United Nations (The Hawk): With additional monetary tightening, the International Monetary Fund (IMF) anticipates that India's inflation rate, which is now over the Reserve Bank's target of 6.9 percent, will drop to the 4 percent level in the upcoming fiscal year.

"We do think that inflation will come back into the inflation tolerance zone 4% in the fiscal year 2023-2024," said Daniel Leigh, chief of the IMF's World Economic Studies Division, during a news conference on Tuesday. "Additional monetary tightening is going to ensure that that happens."

"Inflation is still over the central bank objective in India at 6.9 percent (that) were expected for this year and falling down to 5.1 percent," IMF Chief Economist Pierre-Olivier Gourinchas stated.

At the presentation of the IMF's World Economic Outlook (WEO) report, he continued, "So, the overall stance of policy within that fiscal and monetary policy should probably be on a tightening side."

The IMF predicts that the global inflation rate will be 8.8% this year and will decline to 6.5% the next year.

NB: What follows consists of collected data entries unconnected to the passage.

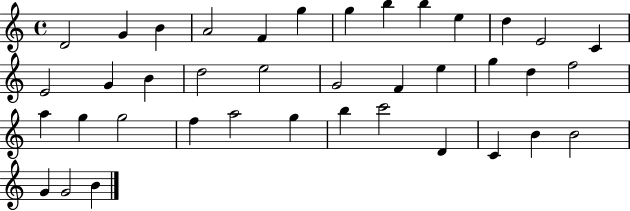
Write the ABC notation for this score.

X:1
T:Untitled
M:4/4
L:1/4
K:C
D2 G B A2 F g g b b e d E2 C E2 G B d2 e2 G2 F e g d f2 a g g2 f a2 g b c'2 D C B B2 G G2 B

Overall, India has been doing okay in 2022, and Gourinchas predicted that growth will remain robust in 2023.

He stated, "We have a growth rate of 6.8% for this year and the prediction is at 6.1% for next year.

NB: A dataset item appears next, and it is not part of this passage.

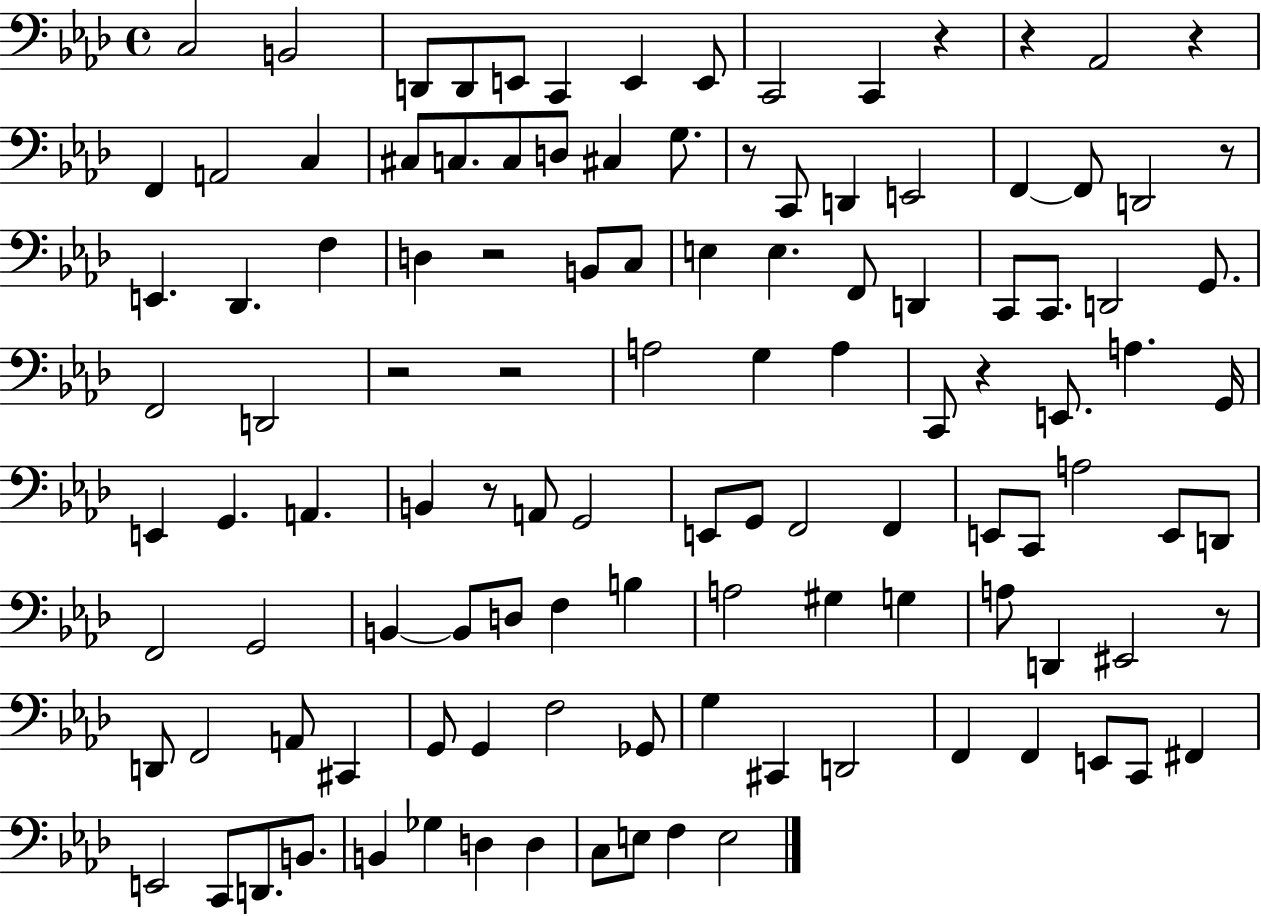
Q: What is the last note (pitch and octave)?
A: E3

He stated that the external outlook, tighter financial conditions, and the growth revision for the first quarter of the fiscal year that came in weaker than anticipated were the main causes of the 0.6% reduction in India's growth rate for the current fiscal year from the 7.4% projection made in July.

India remains the largest economy with the fastest rate of growth in the world notwithstanding the downgrade.

The IMF predicted that the global growth rate will be only 3.2% this year and 2.7% the following.

The recession is on its way, Gourinchas warned, adding that "the worst is yet to come."

We anticipate that a third of the global economy will be experiencing a technical recession, he said.

He linked it to the "stalling" of the world's three main economies, the US, China, and the Euro Area.

According to the WEO, the US economy would only grow by 1.6% in 2022, compared to China's 3.2% and the Eurozone's 3.1%.

The IMF claimed that the high interest rate was a factor in slower US economic development, rising energy costs in Europe, China's Zero Covid policy, where lockdowns are still in place in some places, and the real estate market turmoil.